BMW Motorrad Patents Rear Wheel Steering Technology for Motorcycles



BMW Motorrad, the motorcycle division of BMW, has recently secured a patent for rear-wheel steering technology in motorcycles. This innovative development showcases BMW's exploration of rear wheel steering with various motorcycle layouts, including chain-driven, belt-driven, and shaft-driven designs. The primary objective behind this technology is to achieve a lower turning circle, improve handling, and enhance motorsport capabilities.

Exploring Potential Use Cases

BMW's patent includes sketches of a cruiser bike, indicating that this technology could be applied to such motorcycles. This idea may have stemmed from the launch of BMW's R 18 cruiser range, which typically features a long wheelbase, a large rake angle, and a small trail angle. These characteristics often make maneuvering challenging for cruisers, and rear-wheel steering can significantly address this issue. The patent also mentions potential aerodynamic benefits, as the front wheel can be covered due to the lower steering angle and the involvement of the rear wheel. Additionally, the patent highlights the advantages of rear wheel steering in motorsports scenarios when the front wheel is in the air.

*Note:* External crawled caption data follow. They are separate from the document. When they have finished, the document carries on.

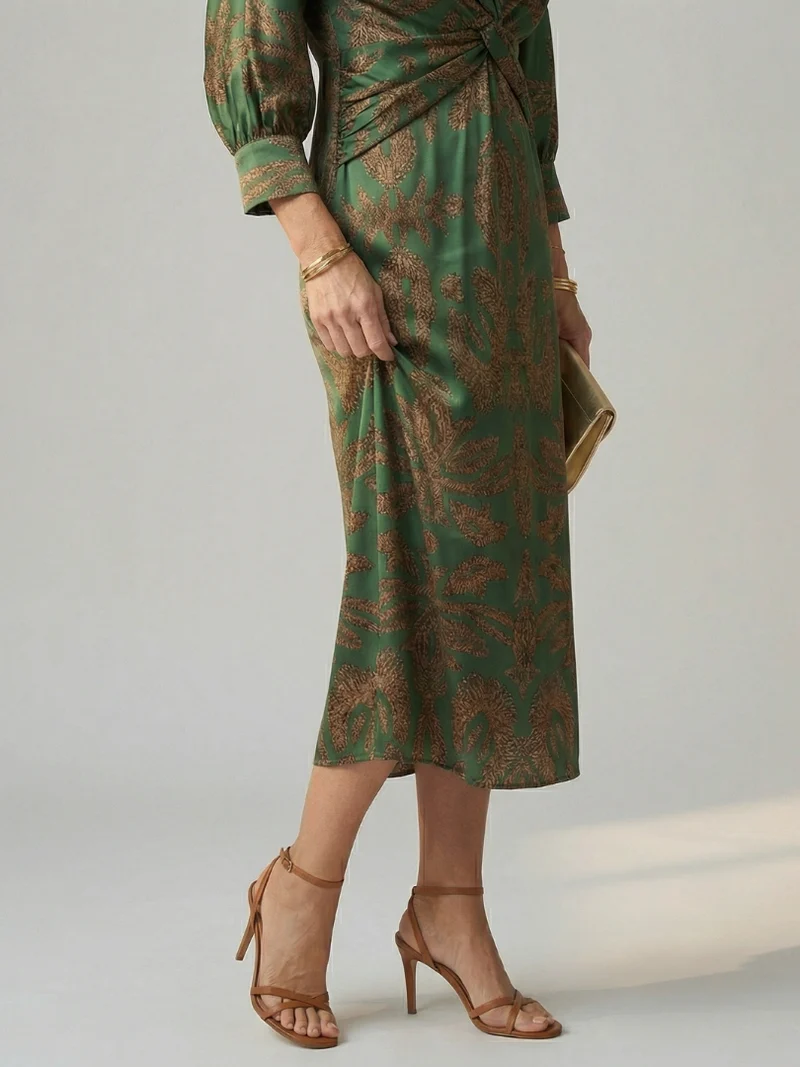 DELACROIX | Robe Midi Wrap Naturelle Lune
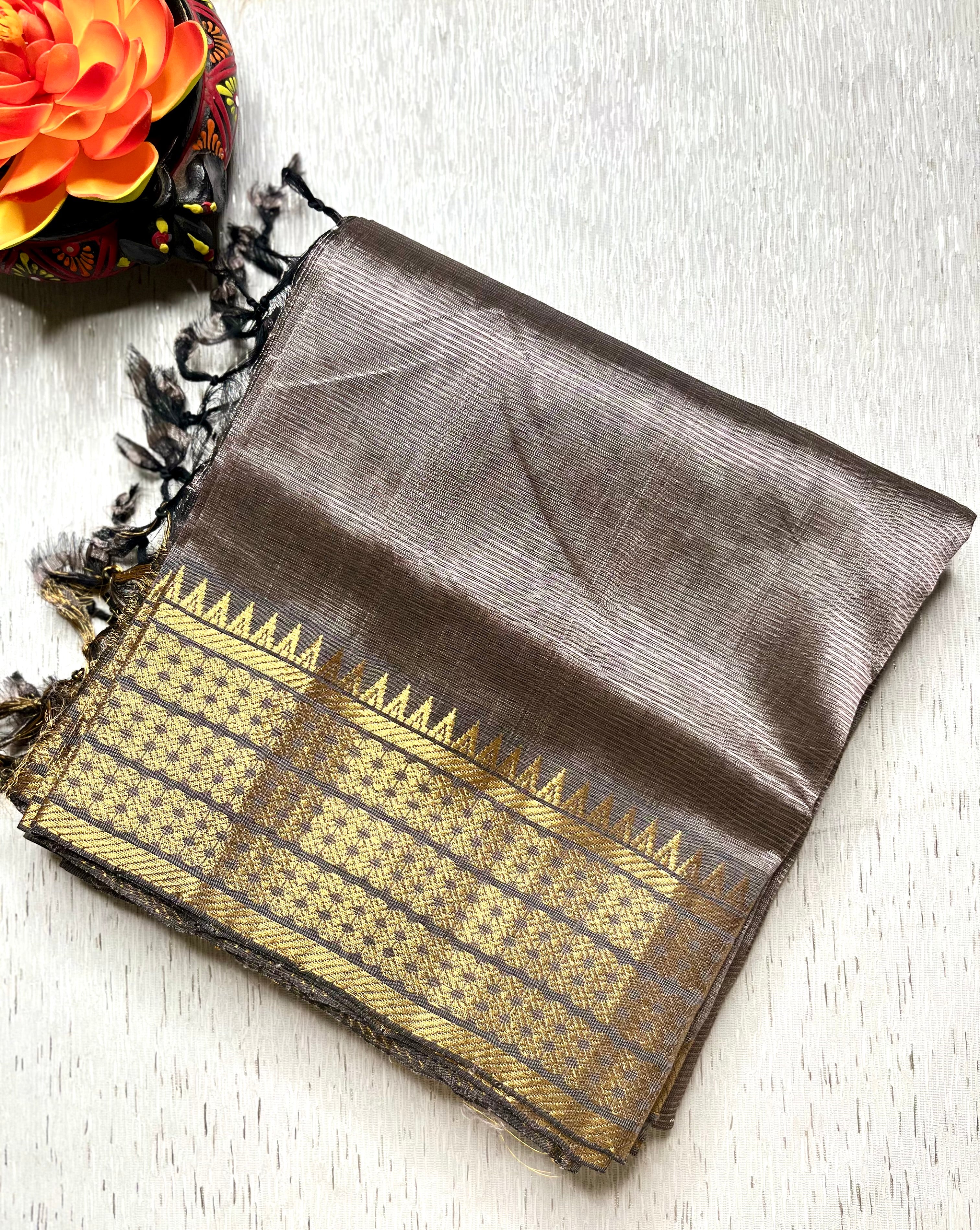 Handwoven Mangalgiri Silk Cotton Saree - Twilight + Gold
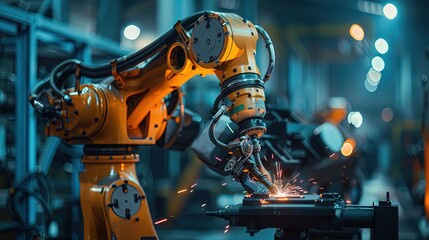 Fototapeta premium Industrial robotic arm welding metal pipes in a factory setting during the day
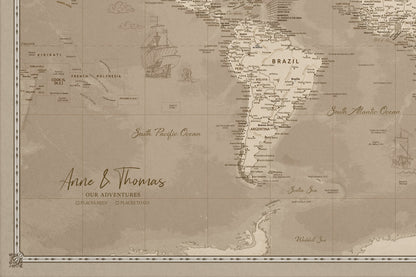 Carte du Monde Personnalisée sur Toile avec Épingles - Voyageur Poussiéreux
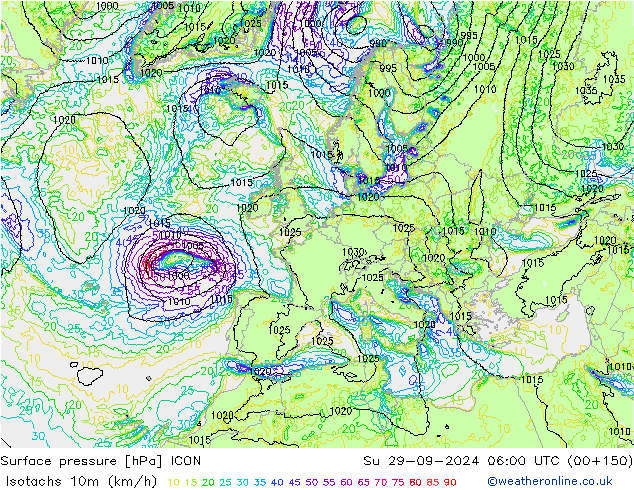 Isotachs (kph) ICON dom 29.09.2024 06 UTC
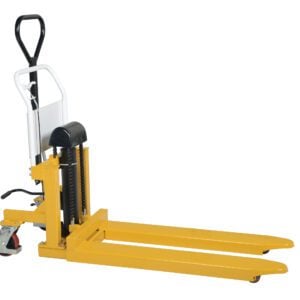 The Vestil Tote-A-Load Foot Pump pallet jack, with its 21 x 43-inch forks, features a bright yellow design and black handle, ideal for lifting and moving pallets against a plain white background.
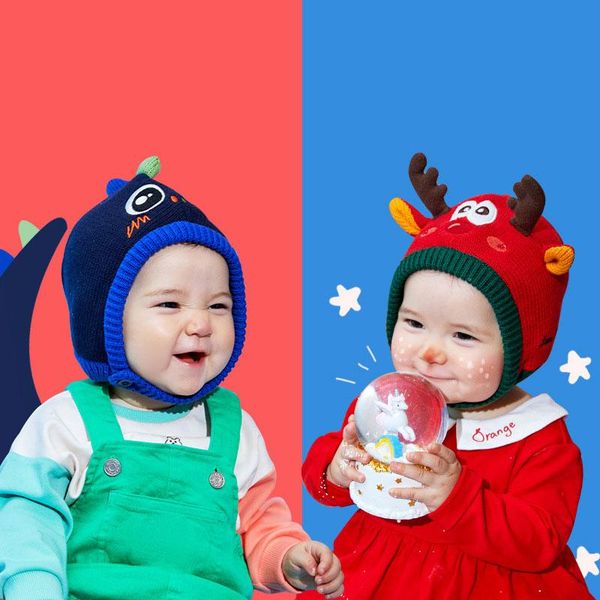 

hair accessories baby hats 1-3 years boys girls bonnet winter warm thicken kids infant cute ears knit for children beanie muts, Slivery;white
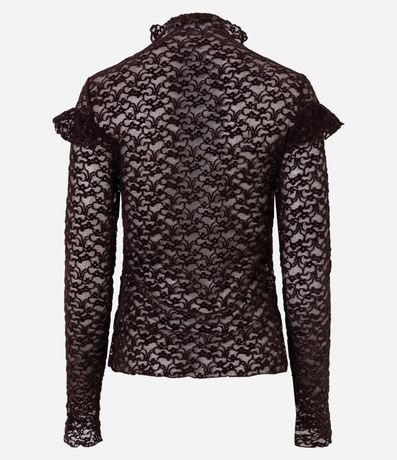 Blusa en Encaje Aterciopelado con Aplicación de Volados 7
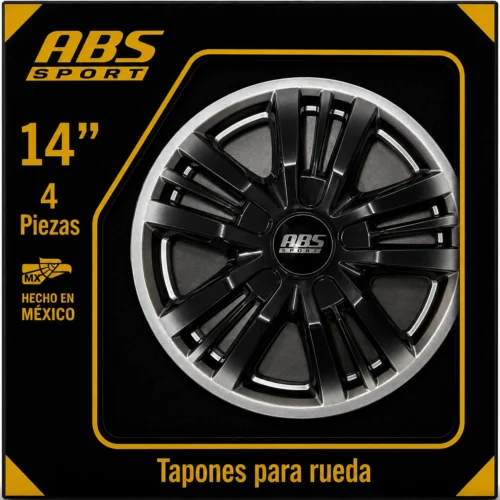 TAPÓN ABS LINEA BICOLOR RIN 14 NEG/GRIS MOD R14-7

BMW Motorrad's Electric Rear Steering

BMW has also filed a patent for an electric motorcycle, and the introduction of rear-wheel steering technology aligns with the brand's ongoing research and development efforts. However, neither the electric motorcycle nor the rear wheel steering technology has entered production yet.

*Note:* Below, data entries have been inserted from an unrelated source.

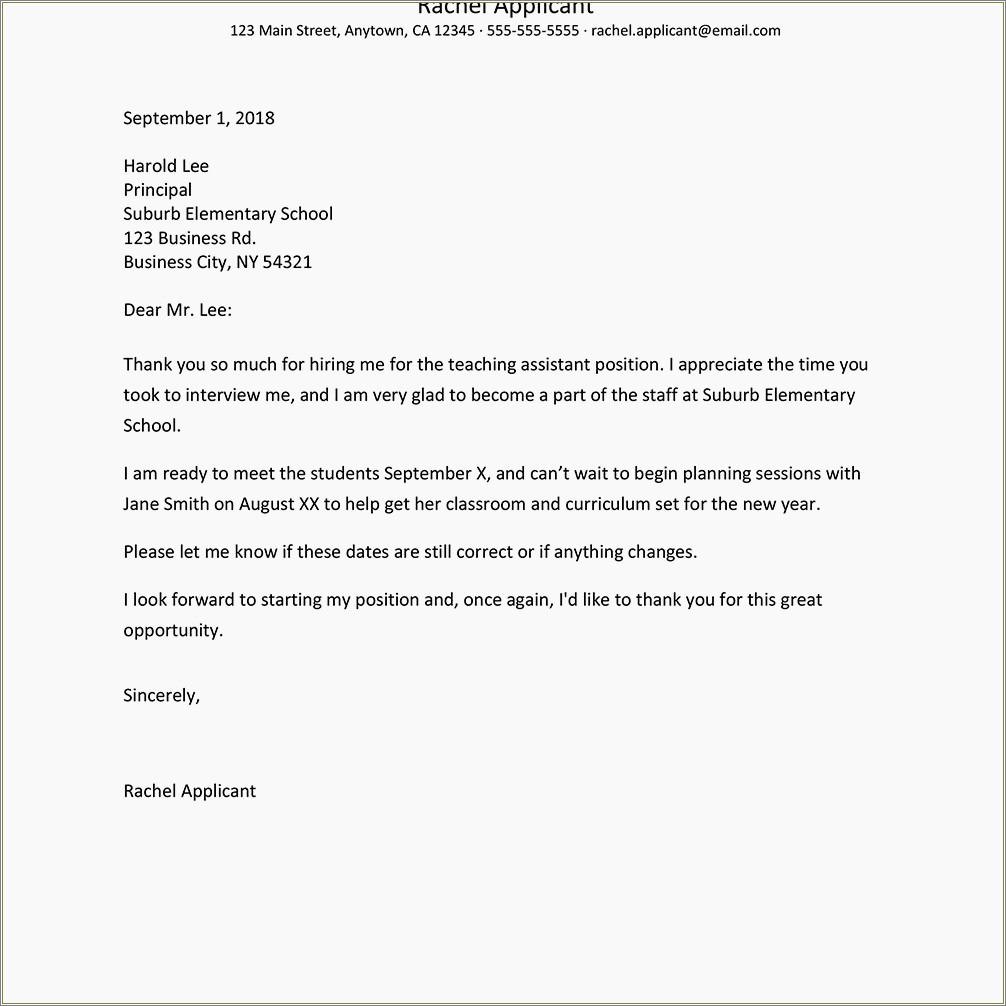 Thank You Letter For Acceptaning Resume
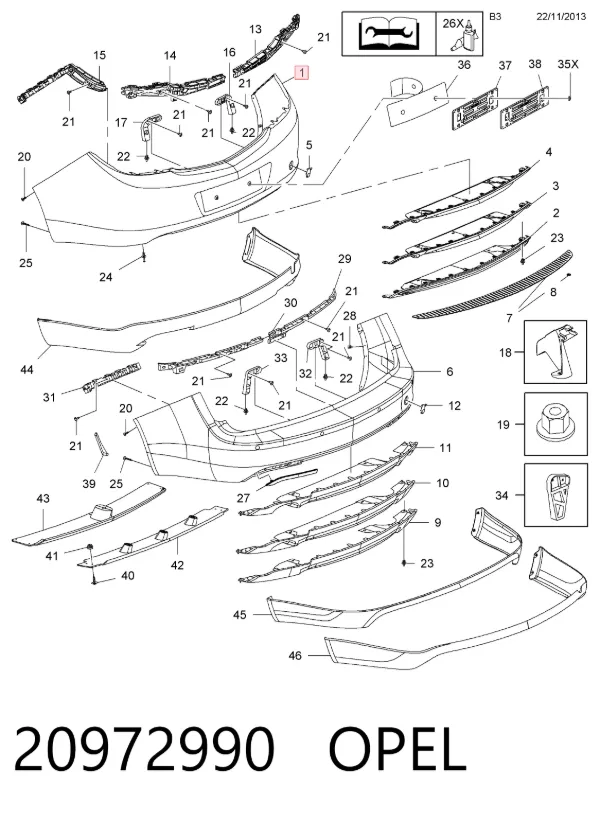 Parachoques trasero 20972990 Opel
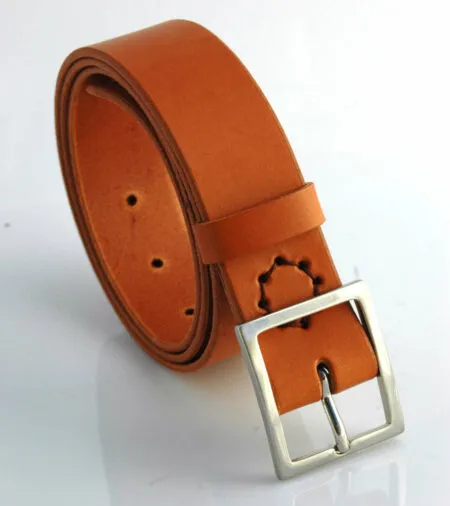 Ceinture en cuir cognac "Vivien" - Larg. 3,5 cm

Considerations and Limitations

While the concept of rear wheel steering in motorcycles is intriguing, there are several factors to consider from an engineering perspective. Apart from the complexity, cost, weight, and maintenance associated with implementing such a system, one primary concern is the strength of the swingarm. BMW's patented rear wheel steering mechanisms would replace conventional swingarms, potentially raising durability issues.

Moreover, riders are accustomed to leaning and shifting their body weight to initiate turns, which is the traditional method of steering motorcycles. Transitioning to a new steering mechanism would require time and adjustment, as it challenges riders' instincts and muscle memory.

Adapting to the New Steering System

Riders who employ counter-steering techniques, where they steer right to turn left, may find it easier to adapt to this new steering system. However, counter-steering is a less common practice. On the other hand, stuntmen who engage in dragging and drifting maneuvers and off-road riders who rely on rear wheel lock to steer motorcycles may quickly adapt to this new mechanism.

Multiple Methods of Implementation

BMW's patent reveals various methods to achieve rear wheel steering. These include double-sided and single-sided mechanisms with physical linkages to the handlebar for steering input. Additionally, one patent proposes electrical assistance for rear wheel steering, eliminating the need for physical linkages by utilizing steering input from a position sensor, similar to car steering systems.

While BMW's rear wheel steering technology holds promise for tighter turns, improved motorsport performance, and potentially enhanced aerodynamics, its practical implementation, acceptance by riders, and addressing the associated challenges remain crucial factors to consider before its widespread adoption in the motorcycle industry.